_Work instructions_
In the records below, find the line with "Adam Levine and" and repeat exactly every line from it through the line with "Image 2 of Mini". Pictures stay out.

---------- Available data ----------

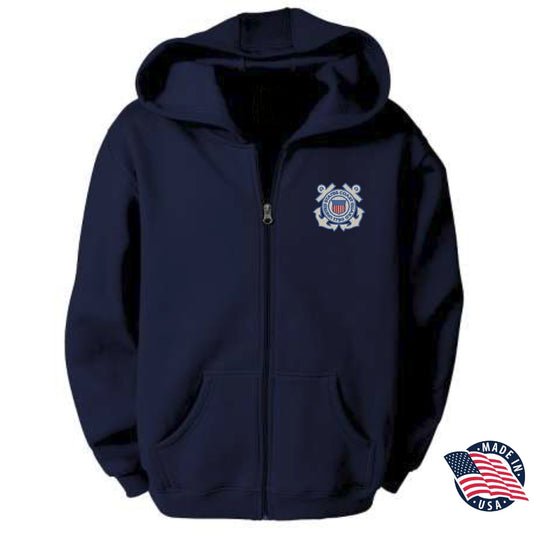 U.S. Coast Guard Insignia Men's Full Zip Sweatshirt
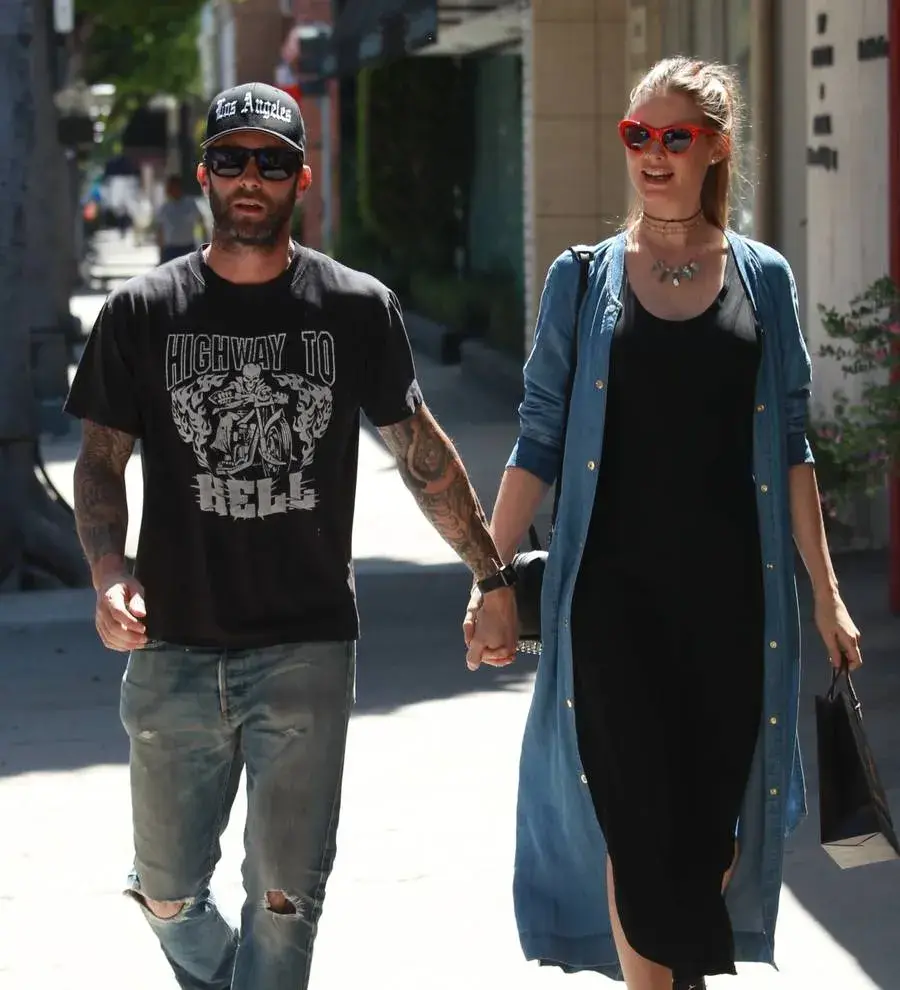 Adam Levine and Behati Prinsloo share first photo of Dusty Rose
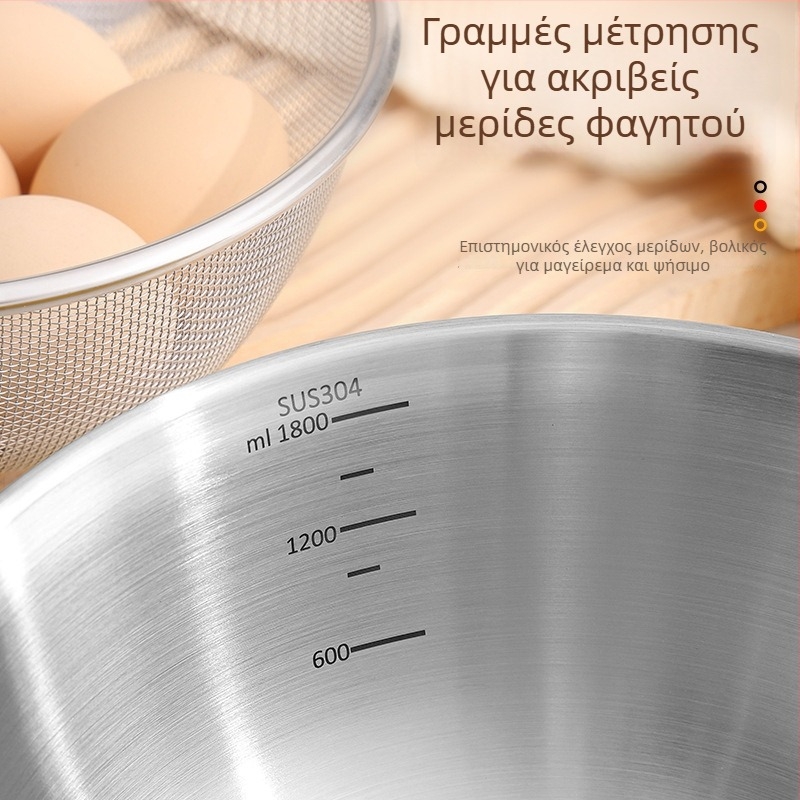 304 ανοξείδωτο ατσάλι: μπολ κουζίνας με κλίμακα μέτρησης, πολυλειτουργικό για ζύμωμα, χτύπημα αυγών, ανάμειξη και ψήσιμο – ιαπωνικού στυλ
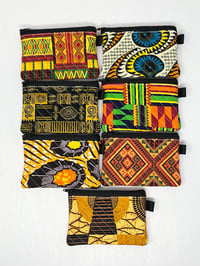 Image 2 of Mini Quilted Zipper Pouch / Keychain Wallet - African Print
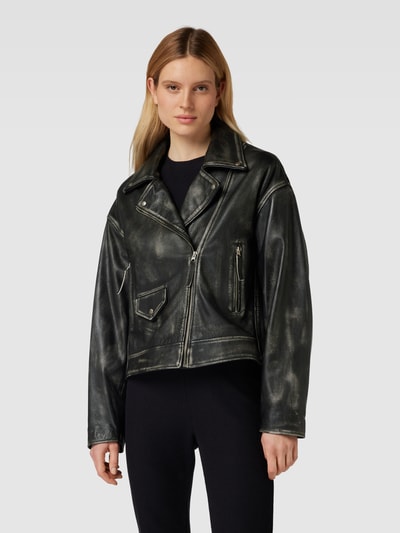 Jake*s Casual Regular Fit Lederjacke im Biker-Look Black 4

----------

_Written answer_
 Adam Levine and Behati Prinsloo share first photo of Dusty Rose
 304 ανοξείδωτο ατσάλι: μπολ κουζίνας με κλίμακα μέτρησης, πολυλειτουργικό για ζύμωμα, χτύπημα αυγών, ανάμειξη και ψήσιμο – ιαπωνικού στυλ
 Image 2 of Mini Quilted Zipper Pouch / Keychain Wallet - African Print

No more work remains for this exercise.